BRIEF DESCRIPTION OF DRAWINGS

[0018] Having thus summarized the general nature of the invention and its essential features and advantages, certain preferred embodiments and modifications thereof will become apparent to those skilled in the art from the detailed description herein having reference to the figures that follow, of which:

[0019]FIG. 1 is a simplified schematic illustration of one embodiment of a water flume ride having features and advantages in accordance with the present invention;

[0020]FIG. 2 is a perspective view of an alternative embodiment of a water flume ride having features and advantages in accordance with the present invention;

[0021]FIG. 3 is a side elevation view of the water flume ride of FIG. 2;

[0022]FIG. 4 is a front elevation view of the water flume ride of FIG. 2;

[0023]FIG. 5 is a rear elevation view of the water flume ride of FIG. 2;

[0024]FIG. 6 is a top plan view of the water flume ride of FIG. 2;

[0025]FIG. 7 is a detail perspective view of an over-under slide effect for use in the water flume ride of FIG. 2 and having features and advantages of the present invention;

[0026]FIG. 8 is a detail cross-sectional view of the tube and riding surface comprising a portion of the water flume ride of FIG. 2;

[0027]FIG. 9 is a perspective view of an alternative embodiment of a water flume ride having features and advantages in accordance with the present invention;

[0028]FIG. 10 is a side elevation of the water flume ride of FIG. 9;

[0029]FIG. 11 is a front perspective view of the water flume ride of FIG. 9;

[0030]FIG. 12 is a top plan view of the water flume ride of FIG. 9;

[0031] FIGS. 13 A-C are perspective, corner and side elevation views, respectively of an integral triple tube ride raft vehicle for use with the water flume ride having features and advantages of the present invention; and

[0032] FIGS. 14 A-C are perspective, corner and side elevation views, respectively of an integral quadruple tube ride raft vehicle for use with a water flume ride having features and advantages of the present invention.

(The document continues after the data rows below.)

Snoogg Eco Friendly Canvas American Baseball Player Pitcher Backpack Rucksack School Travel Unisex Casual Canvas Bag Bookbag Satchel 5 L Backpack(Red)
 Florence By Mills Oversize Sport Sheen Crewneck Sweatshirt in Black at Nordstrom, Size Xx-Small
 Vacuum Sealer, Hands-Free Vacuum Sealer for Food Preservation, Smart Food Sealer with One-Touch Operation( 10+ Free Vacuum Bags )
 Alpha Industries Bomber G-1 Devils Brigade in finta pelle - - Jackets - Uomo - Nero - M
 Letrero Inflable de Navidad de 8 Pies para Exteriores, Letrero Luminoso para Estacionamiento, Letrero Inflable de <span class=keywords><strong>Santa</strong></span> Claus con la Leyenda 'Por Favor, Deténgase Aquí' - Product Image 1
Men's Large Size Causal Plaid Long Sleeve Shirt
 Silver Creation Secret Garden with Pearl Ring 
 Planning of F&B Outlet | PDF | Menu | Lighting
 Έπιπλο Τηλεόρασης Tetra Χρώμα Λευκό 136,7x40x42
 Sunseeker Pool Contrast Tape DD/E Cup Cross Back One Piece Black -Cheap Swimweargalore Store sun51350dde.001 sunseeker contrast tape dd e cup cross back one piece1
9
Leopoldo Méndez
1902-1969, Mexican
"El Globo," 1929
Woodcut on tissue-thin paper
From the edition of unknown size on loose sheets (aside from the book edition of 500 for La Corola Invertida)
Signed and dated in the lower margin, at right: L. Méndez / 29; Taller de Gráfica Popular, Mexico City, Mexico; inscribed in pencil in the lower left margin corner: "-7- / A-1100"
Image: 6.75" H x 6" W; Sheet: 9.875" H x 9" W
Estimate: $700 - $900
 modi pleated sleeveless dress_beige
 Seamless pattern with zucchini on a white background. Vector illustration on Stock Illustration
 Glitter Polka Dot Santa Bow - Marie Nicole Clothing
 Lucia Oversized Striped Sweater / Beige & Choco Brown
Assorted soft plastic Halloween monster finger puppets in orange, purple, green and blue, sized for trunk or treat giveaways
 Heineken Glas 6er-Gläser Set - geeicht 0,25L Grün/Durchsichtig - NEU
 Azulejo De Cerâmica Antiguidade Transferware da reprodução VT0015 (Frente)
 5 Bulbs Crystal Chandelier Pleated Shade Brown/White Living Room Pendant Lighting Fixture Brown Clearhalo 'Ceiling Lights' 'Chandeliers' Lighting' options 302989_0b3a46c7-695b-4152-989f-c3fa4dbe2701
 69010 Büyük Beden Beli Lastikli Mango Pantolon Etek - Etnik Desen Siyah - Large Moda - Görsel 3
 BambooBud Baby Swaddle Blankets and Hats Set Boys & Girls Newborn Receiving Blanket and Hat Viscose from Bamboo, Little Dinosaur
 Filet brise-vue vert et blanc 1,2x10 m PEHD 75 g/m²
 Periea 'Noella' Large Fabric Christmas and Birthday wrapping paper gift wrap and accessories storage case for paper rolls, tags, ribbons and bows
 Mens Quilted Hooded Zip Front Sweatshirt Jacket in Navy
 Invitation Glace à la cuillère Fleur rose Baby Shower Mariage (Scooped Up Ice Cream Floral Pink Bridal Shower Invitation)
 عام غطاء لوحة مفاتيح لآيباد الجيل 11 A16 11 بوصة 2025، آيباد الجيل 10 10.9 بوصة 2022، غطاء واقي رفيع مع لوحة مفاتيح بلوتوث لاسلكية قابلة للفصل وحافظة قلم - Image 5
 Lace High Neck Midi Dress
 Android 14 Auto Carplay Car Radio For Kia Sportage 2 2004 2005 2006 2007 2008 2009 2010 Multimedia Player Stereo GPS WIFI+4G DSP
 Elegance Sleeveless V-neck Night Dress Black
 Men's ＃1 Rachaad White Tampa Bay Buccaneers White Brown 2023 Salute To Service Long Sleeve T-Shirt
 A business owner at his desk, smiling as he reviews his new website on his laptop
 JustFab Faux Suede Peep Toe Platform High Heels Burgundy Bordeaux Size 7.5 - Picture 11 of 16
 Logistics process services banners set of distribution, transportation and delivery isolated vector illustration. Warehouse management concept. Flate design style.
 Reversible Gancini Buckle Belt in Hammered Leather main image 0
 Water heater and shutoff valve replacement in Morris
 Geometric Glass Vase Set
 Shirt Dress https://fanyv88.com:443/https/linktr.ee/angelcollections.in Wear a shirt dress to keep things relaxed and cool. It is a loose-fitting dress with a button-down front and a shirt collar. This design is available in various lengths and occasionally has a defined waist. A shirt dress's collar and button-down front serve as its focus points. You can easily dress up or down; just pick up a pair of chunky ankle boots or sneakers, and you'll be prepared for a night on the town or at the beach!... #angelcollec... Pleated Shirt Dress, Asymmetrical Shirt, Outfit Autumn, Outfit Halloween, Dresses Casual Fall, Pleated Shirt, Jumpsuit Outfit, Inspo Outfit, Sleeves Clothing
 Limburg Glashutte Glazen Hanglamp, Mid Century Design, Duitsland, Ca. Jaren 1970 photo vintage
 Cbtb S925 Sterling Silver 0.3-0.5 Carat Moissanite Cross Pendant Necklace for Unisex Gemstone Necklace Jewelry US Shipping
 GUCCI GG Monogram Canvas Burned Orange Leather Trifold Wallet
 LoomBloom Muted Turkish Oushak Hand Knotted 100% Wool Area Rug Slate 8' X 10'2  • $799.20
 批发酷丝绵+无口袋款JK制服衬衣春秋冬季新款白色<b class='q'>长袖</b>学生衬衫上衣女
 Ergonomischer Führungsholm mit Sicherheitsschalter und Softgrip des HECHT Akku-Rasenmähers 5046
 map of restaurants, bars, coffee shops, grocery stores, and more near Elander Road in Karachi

DESCRIPTION OF THE PREFERRED EMBODIMENTS

[0033]FIG. 1A is a simplified schematic illustration of one possible embodiment of a flume ride 100 having features and advantages in accordance with the present invention. The flume ride 100 generally, comprises a sliding surface 110 comprising a water channel or flume (e.g., a slide, tunnel, tube, extended flat surface, etc.) and having a first downward-inclined portion 120 beginning from a first elevation h1, an upward-inclined portion 130 cresting at a second elevation h2 lower than the first elevation h1, and a second downward-inclined portion 140 generally adjoining the upward-inclined portion 130. As illustrated, the first downward-inclined portion 120 begins at point “A” and generally smoothly transitions into an uphill embankment portion comprising upward-inclined portion 130 culminating at a crest at point “B.” Beyond the upward-inclined portion 130, the sliding surface 110 continues along a first defined path 160 (“the upper flume path”) with such additional downhill and/or uphill portions and/or other slide effects as may be desired.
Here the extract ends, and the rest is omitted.